__PROBLEM TO WORK ON__
Extract each line of the material that follows exactly and omit its pictures.

__INFORMATION PROVIDED__
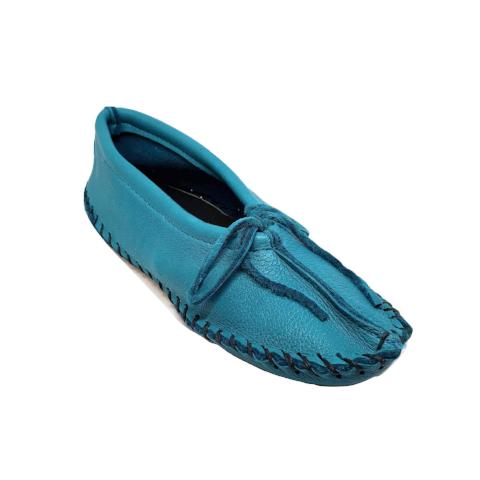 Ballet Style Deerskin Ladies Slippers - Turquoise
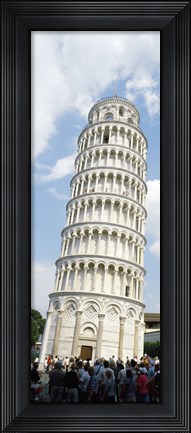Framed Tourists looking at a tower, Leaning Tower Of Pisa, Piazza Dei Miracoli, Pisa, Tuscany, Italy Print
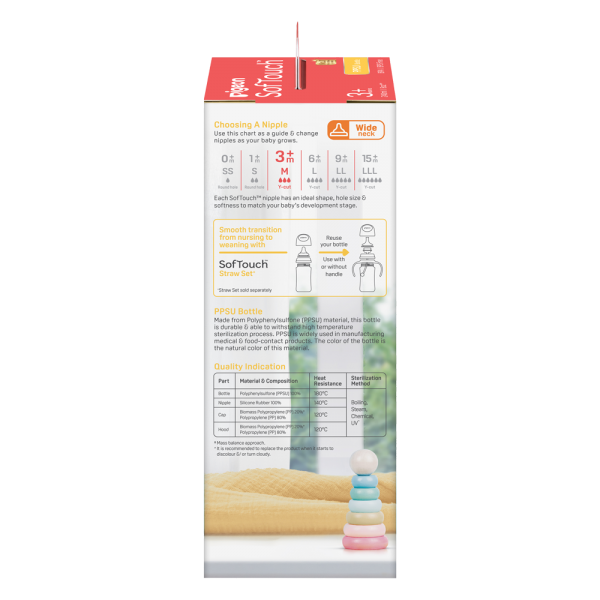 Bình Sữa Pigeon PPSU Softouch Baby-Friendly World 240ml, muông thú (M)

__RESULT OF THE EXERCISE__
 Ballet Style Deerskin Ladies Slippers - Turquoise
Framed Tourists looking at a tower, Leaning Tower Of Pisa, Piazza Dei Miracoli, Pisa, Tuscany, Italy Print
 Bình Sữa Pigeon PPSU Softouch Baby-Friendly World 240ml, muông thú (M)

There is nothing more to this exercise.